Could you restate every entry word for word, leaving the pictures out?
+===+
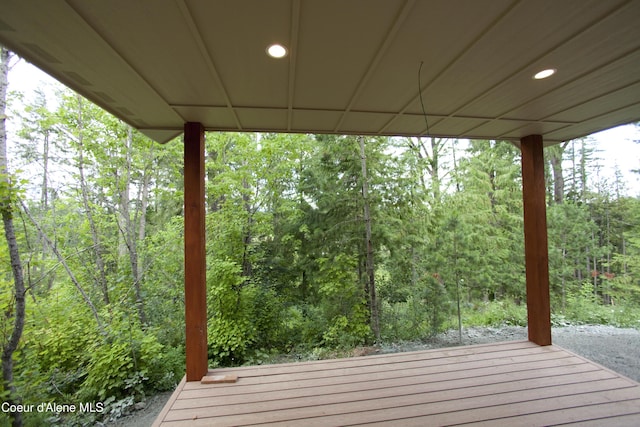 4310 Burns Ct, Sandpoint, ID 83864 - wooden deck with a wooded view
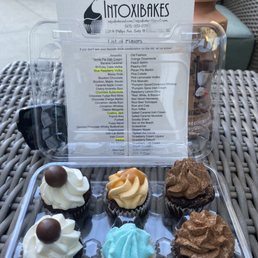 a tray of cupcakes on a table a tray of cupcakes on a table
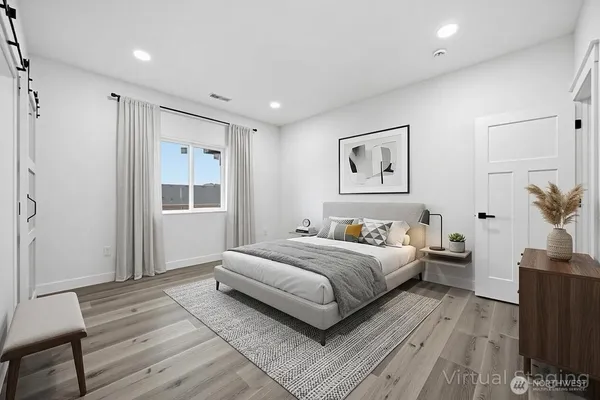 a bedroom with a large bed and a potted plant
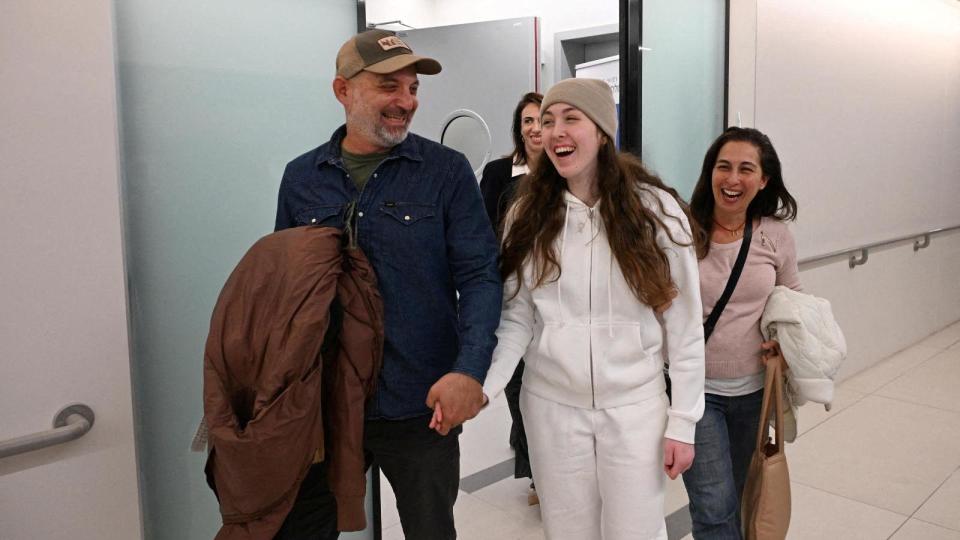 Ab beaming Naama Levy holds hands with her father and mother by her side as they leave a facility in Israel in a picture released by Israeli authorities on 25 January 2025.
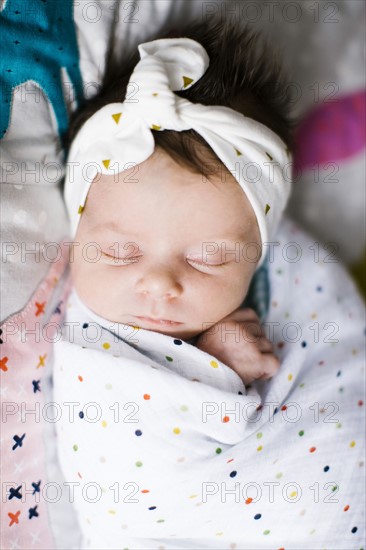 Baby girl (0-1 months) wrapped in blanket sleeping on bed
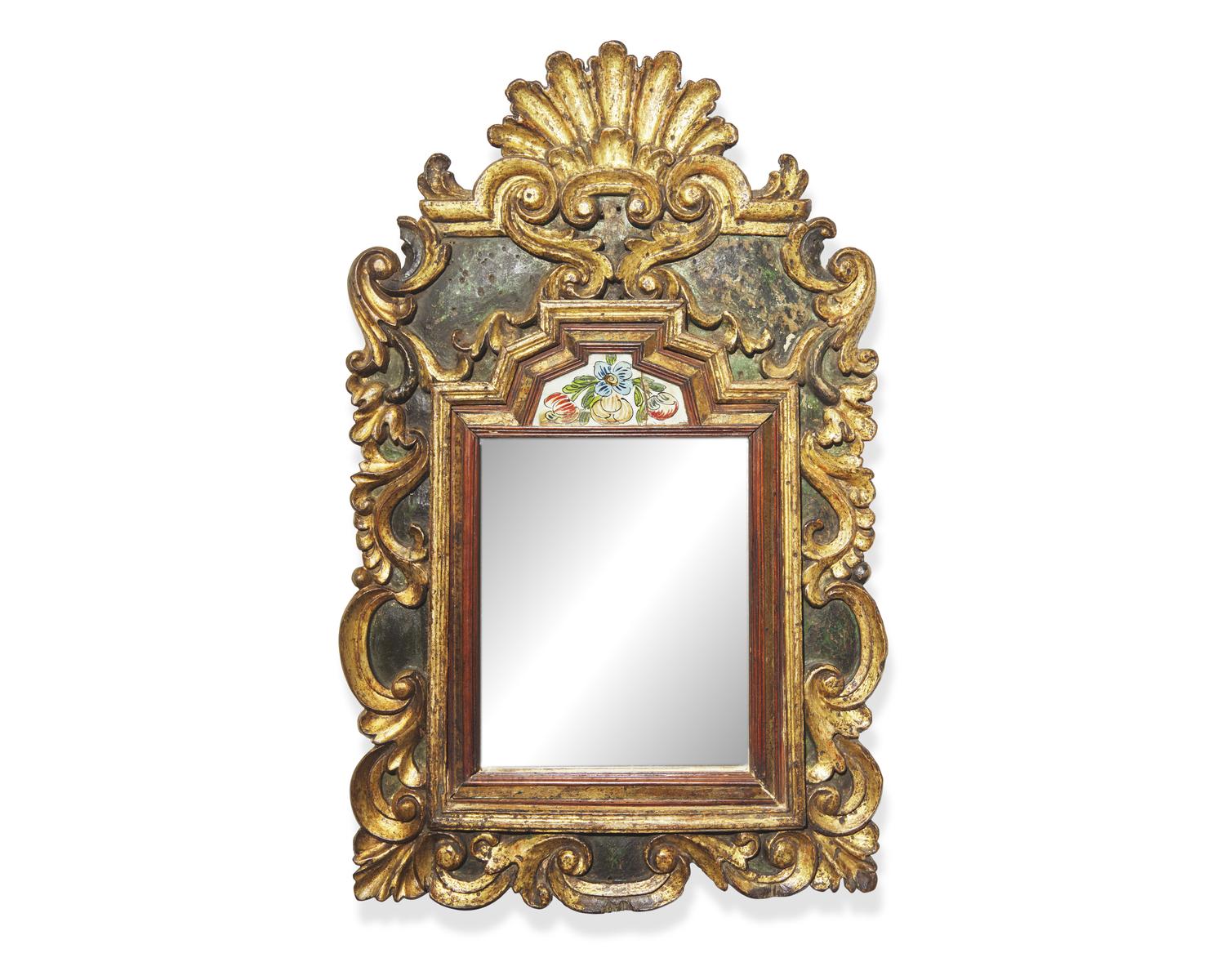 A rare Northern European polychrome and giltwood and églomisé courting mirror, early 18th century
+===+
### WORKED SOLUTION:
 4310 Burns Ct, Sandpoint, ID 83864 - wooden deck with a wooded view
 a tray of cupcakes on a table a tray of cupcakes on a table
 a bedroom with a large bed and a potted plant
 Ab beaming Naama Levy holds hands with her father and mother by her side as they leave a facility in Israel in a picture released by Israeli authorities on 25 January 2025.
 Baby girl (0-1 months) wrapped in blanket sleeping on bed
 A rare Northern European polychrome and giltwood and églomisé courting mirror, early 18th century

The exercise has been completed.